Referring to FIG. 4, the baseband modem 240 determines whether a user enters a voice call request signal at step 4 a. Upon receiving the voice call request signal from the user, the baseband modem 240 begins the voice call function at step 4 b, and determines whether a broadcast signal is received while performing the voice call function at step 4 c. If it is determined that the broadcast signal is received while performing the voice call function at step 4 c, the baseband modem 240 determines whether an audio signal is contained in the received broadcast signal at step 4 d.
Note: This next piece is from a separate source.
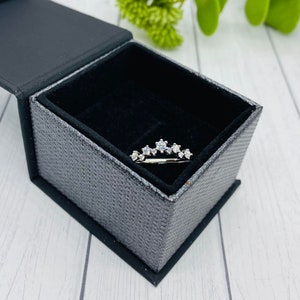 Cremation Ring With Ashes, Moissanite Cluster Ring, Memorial Jewelry With Cremains, Solid Gold, Rose Gold, Sterling Silver, Pet Ash Ring image 10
If it is determined that the audio signal is contained in the received broadcast signal at step 4 d, the baseband modem 240 controls the display 140 to output a prescribed message indicative of an audio transmission enable status at step 4 e. Although the display 140 is designed to visually indicate the audio transmission enable status, it should be noted that the audio transmission enable status can also be indicated in the form of an audible signal or vibration.
The baseband modem 240 determines whether the user selects a transmission function at step 4 f after recognizing the audio transmission enable status. If it is determined that the user selects the transmission function at step 4 f, the baseband modem 240 performs an audio processing routine at step 4 g. The audio signal having been processed at step 4 g is transmitted to the called party at step 4 h. In the case of transmitting the broadcast audio signal at step 4 h, the broadcast audio signal may be transmitted over an audio channel after being synthesized with a user's voice signal. Otherwise, the broadcast audio signal may only be transmitted over the audio channel after the user's voice signal has been muted. The broadcast audio signal may also be transmitted via a dedicated data channel, differently from the user's voice signal transmitted over the audio channel.
FIG. 5 is a flow chart illustrating detailed operations of the audio processing routine shown in FIG. 4 in accordance with an embodiment of the present invention. The audio processing routine will hereinafter be described with reference to FIGS. 1 and 5.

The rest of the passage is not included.